# Net Debt Per Capita

A measure of how much debt per citizen is held by a country’s government

## What is Net Debt Per Capita?

Net debt per capita is a measure that tells how much debt per citizen is held by a country’s government. It is the total debt obligation issued or used by the government divided by the total population.

If the net debt per capita is lower, the risk of default is lower, and the bond quality is higher. The net income per capita also indicates whether the government is over-levered or under-levered. The government can be a national, state, or municipality.

### Summary

• Net debt per capita is the total debt held by a government per resident of the country.
• Net debt per capita is not an actual economic indicator. Instead, the values are usually used in making political statements about fiscal policies.
• It can also be used as a means to estimate the borrowing limits of a government.

### Net Debt Per Capita and Debt Burden

The capital improvement needs can be fairly identified by national governments with political support. The debt obligations place a burden on the country’s taxpayers; hence, the legal capacity of borrowing can be estimated by comparing the outstanding debt levels with the current demographic and economic data. Therefore, the debt capacity ratios, such as net debt per capita, can often be considered as an alternative to the legal capacity of borrowing for estimating the borrowing limits.

The use of net debt per capita as a measure of the debt burden can be justified by the fact that capital requirements often rise with the increase in population. If long-term debt grows in proportion with the growth in demands of the increasing population, there is no significant change in net debt per capita.

However, if the rate of increase in long-term debts is higher than the population growth rate, the level of debt may rise above the citizens’ ability to pay, assuming that the tax burden is distributed evenly among the citizens.

### Net Debt Per Capita Formula

The net debt per capita formula is:

##### Net Debt Per Capita = (Short-term Debt + Long-term Debt – Cash – Cash Equivalents) / Population

For example, suppose a government holds \$200 billion of long-term debt, \$85 billion of short-term debt, \$20 billion in cash, and a population of 200 million. The country’s net debt per capita will be:

Net Debt Per Capita = (\$200 billion + \$85 billion – \$20 billion) / 200 million = \$1,325

It implies that if the government must pay all the national debt today, each taxpayer owes \$1,325 to the government, assuming that every citizen becomes responsible for the outstanding debt.

However, in practice, every citizen is not liable for a country’s outstanding debt. Hence, net debt per capita is an indicator used to measure the creditworthiness of local issuers, ranging from municipality to a country, rather than the repayment ability of citizens.

### Net Debt Per Capita by Country

With a population of 126,529,100, Japan’s net debt per capita is the highest in the world at \$93,164.34, followed by Singapore at \$73,421.49. As reported in 2019, the net debt for Japan was \$11.788 trillion. The government of Japan provided financial assistance to local insurance companies and banks after the crash of the Japanese stock market.

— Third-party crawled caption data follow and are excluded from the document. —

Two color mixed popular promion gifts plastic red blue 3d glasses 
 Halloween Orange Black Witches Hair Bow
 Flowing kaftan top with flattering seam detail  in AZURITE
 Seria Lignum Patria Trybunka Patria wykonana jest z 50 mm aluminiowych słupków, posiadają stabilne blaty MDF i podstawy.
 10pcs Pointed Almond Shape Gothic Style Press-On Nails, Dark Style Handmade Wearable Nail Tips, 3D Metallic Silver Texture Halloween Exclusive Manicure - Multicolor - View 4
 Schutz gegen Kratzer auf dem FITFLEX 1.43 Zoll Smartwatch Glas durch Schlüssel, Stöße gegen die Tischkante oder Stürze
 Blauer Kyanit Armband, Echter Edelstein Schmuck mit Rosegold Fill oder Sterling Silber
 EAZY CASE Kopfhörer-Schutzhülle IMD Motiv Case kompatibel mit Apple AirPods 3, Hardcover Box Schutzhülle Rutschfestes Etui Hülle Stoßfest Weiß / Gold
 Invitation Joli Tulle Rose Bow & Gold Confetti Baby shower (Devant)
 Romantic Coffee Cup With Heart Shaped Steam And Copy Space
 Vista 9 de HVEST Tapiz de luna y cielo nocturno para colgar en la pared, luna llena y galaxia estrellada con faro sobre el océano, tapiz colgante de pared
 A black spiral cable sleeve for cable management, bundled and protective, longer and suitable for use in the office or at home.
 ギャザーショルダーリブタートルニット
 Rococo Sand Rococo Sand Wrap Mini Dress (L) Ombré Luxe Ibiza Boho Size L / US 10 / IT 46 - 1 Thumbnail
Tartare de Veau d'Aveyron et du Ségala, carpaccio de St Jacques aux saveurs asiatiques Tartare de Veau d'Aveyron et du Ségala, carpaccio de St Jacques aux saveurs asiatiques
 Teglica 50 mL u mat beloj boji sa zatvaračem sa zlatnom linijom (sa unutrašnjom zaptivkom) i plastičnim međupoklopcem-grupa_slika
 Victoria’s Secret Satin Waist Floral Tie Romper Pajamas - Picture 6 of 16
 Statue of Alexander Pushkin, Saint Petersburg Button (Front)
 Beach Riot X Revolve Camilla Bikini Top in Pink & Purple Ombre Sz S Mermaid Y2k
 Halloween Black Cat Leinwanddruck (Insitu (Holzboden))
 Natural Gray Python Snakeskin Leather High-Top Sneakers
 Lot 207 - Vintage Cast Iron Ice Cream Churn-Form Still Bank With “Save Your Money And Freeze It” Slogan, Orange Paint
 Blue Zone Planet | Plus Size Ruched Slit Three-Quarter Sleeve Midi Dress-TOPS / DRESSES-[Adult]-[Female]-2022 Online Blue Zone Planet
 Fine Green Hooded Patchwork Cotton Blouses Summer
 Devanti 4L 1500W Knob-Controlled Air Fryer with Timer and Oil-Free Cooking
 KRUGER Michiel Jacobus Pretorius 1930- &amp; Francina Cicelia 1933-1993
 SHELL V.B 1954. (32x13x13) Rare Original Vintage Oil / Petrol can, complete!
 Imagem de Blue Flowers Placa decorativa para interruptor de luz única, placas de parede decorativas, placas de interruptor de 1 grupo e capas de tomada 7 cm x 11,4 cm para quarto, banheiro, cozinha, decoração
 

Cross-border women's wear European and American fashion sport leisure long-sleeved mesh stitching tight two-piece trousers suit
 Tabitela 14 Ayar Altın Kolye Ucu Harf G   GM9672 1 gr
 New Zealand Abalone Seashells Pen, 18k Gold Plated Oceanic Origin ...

The companies were provided credits with low interest by the Japanese government, which also consumed or transferred the taxes to invigorate the troubled economy. However, the actions taken caused the debt level of Japan to soar.

The debt level of the United States, as reported in 2019, was \$21.465 trillion, with the country’s national debt level sharply increasing in the years after The Great Depression. Though the United States is accorded an excessively low rate of interest on Treasury bills, it spent around \$380 billion to cover the repayment of the debt, which is more than the federal budget of Canada.

It implies that the United States can run the Canadian government with the amount it uses to repay its debt. It is expected that by 2023, the interest payments of the U.S. government will be even larger than its defense budget.